Gedenken an die Opfer des Nationalsozialismus: Ausgrenzung und Rechtspopulismus sichtbar entgegen treten!

Sascha Roncevic
Sascha Roncevic – Foto: Sarah Ungar

Der 27. Januar wurde im Jahr 1996 durch den damaligen Bundespräsidenten Roman Herzog zum Gedenktag für die Opfer des Nationalsozialismus bestimmt. Historischer Hintergrund ist die Befreiung des Konzentrationslagers Auschwitz am 27. Januar 1945. Seit nun einundzwanzig Jahren wird an diesem Tag an die Millionen ermordeten Jüdinnen und Juden erinnert. Gleichzeitig wird aber auch der anderen Opfer des Nationalsozialismus gedacht: der Euthanasieopfer, der Sinti und Roma, der Kommunist*innen, der Sozialdemokrat*innen und der Homosexuellen

Angesichts eines erstarkenden Rechtspopulismus und ‑extremismus ist dieser Gedenktag für die NRWSPDqueer (Arbeitsgemeinschaft für Akzeptanz und Gleichstellung in der NRWSPD ) mehr denn je auch eine Mahnung, für unser vielfältige Demokratie einzutreten und erkämpfte Fortschritte zu verteidigen.

Hierzu erklärt der stellvertretende Landesvorsitzende Sascha Roncevic:

Gedenken und Nachdenken über die Vergangenheit schaffen Orientierung für die Zukunft. Gerade in der heutigen Zeit scheint eine klare Orientierung wichtiger denn je. Wo Hetzer und Populisten mit Fake-News und „alternativen“ Fakten punkten und eine Sprache und Inhalte der Täter von Ausschwitz wieder salonfähig machen wollen, ist ein deutliches Dagegenhalten, umso wichtiger. Wir queeren Sozialdemokrat*innen zeigen daher klar Haltung: gegen Hetze, Menschenfeindlichkeit sowie gegen Homo-, Bi- und Trans*-Feindlichkeit. Wir stehen für eine offene und vielfältige Gesellschaft und sich setzen uns dafür ein, dass Menschen unabhängig von ihrer sexuellen und geschlechtlichen Identität ein selbstbestimmtes Leben führen können.

Homosexuelle Opfer des Nationalsozialismus wurden totgeschlagen und totgeschwiegen. Auch nach Ende des Hitler-Faschismus wurden Lesben und Schwule verfolgt und blieben in Folge dessen unsichtbar.

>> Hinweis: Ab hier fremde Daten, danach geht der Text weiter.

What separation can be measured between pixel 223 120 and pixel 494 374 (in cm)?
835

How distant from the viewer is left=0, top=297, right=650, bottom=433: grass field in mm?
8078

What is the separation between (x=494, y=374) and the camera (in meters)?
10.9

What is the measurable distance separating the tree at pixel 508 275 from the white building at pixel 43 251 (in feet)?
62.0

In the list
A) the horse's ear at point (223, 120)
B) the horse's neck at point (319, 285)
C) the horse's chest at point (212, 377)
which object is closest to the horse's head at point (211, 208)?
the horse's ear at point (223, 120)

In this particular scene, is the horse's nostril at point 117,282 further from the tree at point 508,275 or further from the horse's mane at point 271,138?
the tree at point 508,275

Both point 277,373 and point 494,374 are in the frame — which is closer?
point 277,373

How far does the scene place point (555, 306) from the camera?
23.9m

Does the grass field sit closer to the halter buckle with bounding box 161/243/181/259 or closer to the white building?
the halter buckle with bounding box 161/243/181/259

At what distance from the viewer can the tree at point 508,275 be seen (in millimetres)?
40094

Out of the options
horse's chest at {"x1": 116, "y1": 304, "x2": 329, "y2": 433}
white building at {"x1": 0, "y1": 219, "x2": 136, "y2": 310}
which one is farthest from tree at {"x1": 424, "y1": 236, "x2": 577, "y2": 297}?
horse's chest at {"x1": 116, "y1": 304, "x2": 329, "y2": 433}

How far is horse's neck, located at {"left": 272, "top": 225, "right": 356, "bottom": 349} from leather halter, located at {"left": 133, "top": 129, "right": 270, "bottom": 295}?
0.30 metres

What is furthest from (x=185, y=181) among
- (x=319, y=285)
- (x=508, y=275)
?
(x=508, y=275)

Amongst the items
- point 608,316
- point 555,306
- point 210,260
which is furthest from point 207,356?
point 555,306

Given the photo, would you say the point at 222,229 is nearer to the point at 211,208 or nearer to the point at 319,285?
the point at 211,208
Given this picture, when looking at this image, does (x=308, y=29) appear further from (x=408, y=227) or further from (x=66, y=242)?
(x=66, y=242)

Eine individuelle geschlechtliche Identität konnte in den ersten Jahrzehnten der Bundesrepublik erst recht nicht ausgelebt werden. Dies hat sich geändert. Lesben, Schwule, Bisexuelle, trans*, inter* und queere Menschen sind sichtbarer. Sichtbarer zu sein, heißt mitunter auch angreifbarer zu sein. Populisten und extreme Rechte versuchen etwa auf perfide Art Homosexualität in die Nähe von Pädophile zu rücken. Trans*-Identitäten werden als „Gender-GaGa“ verspottet und als Resultat einer Verschwörung zur angeblichen Unterdrückung der Mehrheit dargestellt. Aber Sichtbarkeit bedeutet ebenfalls sich wehren zu können. Wie stellen uns sichtbar gegen Demütigungen, Anfeindungen, Verleumdungen und Ausgrenzungen. Wir stellen uns sichtbar gegen gesellschaftlich und staatlich legitimierten Rückschritt. Und wir stellen uns sichtbar gegen alle jene, die schleichend unsere Sichtbarkeit eindämmen wollen.

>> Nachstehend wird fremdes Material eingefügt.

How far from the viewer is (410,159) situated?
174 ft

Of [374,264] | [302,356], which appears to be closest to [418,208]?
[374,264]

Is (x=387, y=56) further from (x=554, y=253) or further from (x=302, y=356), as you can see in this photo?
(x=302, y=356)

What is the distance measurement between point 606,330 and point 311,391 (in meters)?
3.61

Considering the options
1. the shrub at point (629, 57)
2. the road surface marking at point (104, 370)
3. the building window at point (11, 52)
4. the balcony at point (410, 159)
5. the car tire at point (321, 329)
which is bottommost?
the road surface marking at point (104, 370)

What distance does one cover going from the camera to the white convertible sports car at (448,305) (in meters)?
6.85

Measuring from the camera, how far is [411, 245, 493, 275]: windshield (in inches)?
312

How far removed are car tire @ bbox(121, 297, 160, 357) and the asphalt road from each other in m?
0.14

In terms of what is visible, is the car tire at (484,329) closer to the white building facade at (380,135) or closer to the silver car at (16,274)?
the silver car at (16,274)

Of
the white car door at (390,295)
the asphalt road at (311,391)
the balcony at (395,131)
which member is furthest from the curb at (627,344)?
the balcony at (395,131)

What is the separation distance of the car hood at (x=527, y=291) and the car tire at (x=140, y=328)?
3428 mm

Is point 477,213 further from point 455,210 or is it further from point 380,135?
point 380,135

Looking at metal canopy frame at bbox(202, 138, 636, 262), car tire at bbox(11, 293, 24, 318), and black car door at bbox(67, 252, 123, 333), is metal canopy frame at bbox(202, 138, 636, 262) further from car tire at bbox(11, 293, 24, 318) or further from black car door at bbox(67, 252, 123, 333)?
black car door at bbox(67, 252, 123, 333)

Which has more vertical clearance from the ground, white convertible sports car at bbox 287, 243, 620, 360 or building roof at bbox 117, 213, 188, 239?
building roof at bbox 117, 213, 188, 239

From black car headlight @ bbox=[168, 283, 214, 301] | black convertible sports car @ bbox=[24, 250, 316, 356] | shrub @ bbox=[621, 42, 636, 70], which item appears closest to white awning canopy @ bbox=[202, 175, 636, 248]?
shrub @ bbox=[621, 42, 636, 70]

Terror, Erniedrigung, Folter – hierfür steht Auschwitz. Es ist ein ist ein Synonym staatlich legitimierter und durchgeführter Vernichtung. Auschwitz ist ein Extremum in der perfiden Macht- und Herrschaftsbesessenheit von Menschen über andere. Diese Begierde wurde konsequent und wider aller Menschlichkeit umgesetzt. Nazideutschland ist inzwischen Geschichte. Aber ist es diese Begierde auch? – In Schockstarre blicken wir beispielsweise nach Tschetschenien in Russland oder nach Brasilien, in denen ein faschistoider Präsident auch wegen seiner Hetze gegen homosexuelle und trans* Menschen gewählt wurde. Ebenso nehmen wir die Zustände etwa im Iran oder Uganda wahr. Es werden Homosexuelle verfolgt, verhaftet, verurteilt, getötet. Gegen sie werden eigene Gesetzte erlassen. Wir blicken hin, dann allzu oft angewidert weg und schweigen erneut, als beträfe es uns nicht. Aber wie weit sind die AfD-nahen Akteure der „Demo für alle von Putins Anti-Homogesetzgebung entfernt?. Was unterscheidet die Homo-, Bi- oder Trans*-Feindlichkeit in sozialen Medien von denen afrikanischer Bischöfe?

Vor dreiunddzwanzig Jahren forderte Roman Herzog am 27. Januar, aus Erinnerung zu lernen, um Irrwege zu vermeiden. Es liegt an uns allen, Kurs zu halten, um auf dem Weg einer menschlichen, offen und pluralen Gesellschaft zu bleiben. Wenn wir am 27. Januar der Opfer des Nationalsozialismus gedenken, so ist dies kein Gedenktag wie viele andere.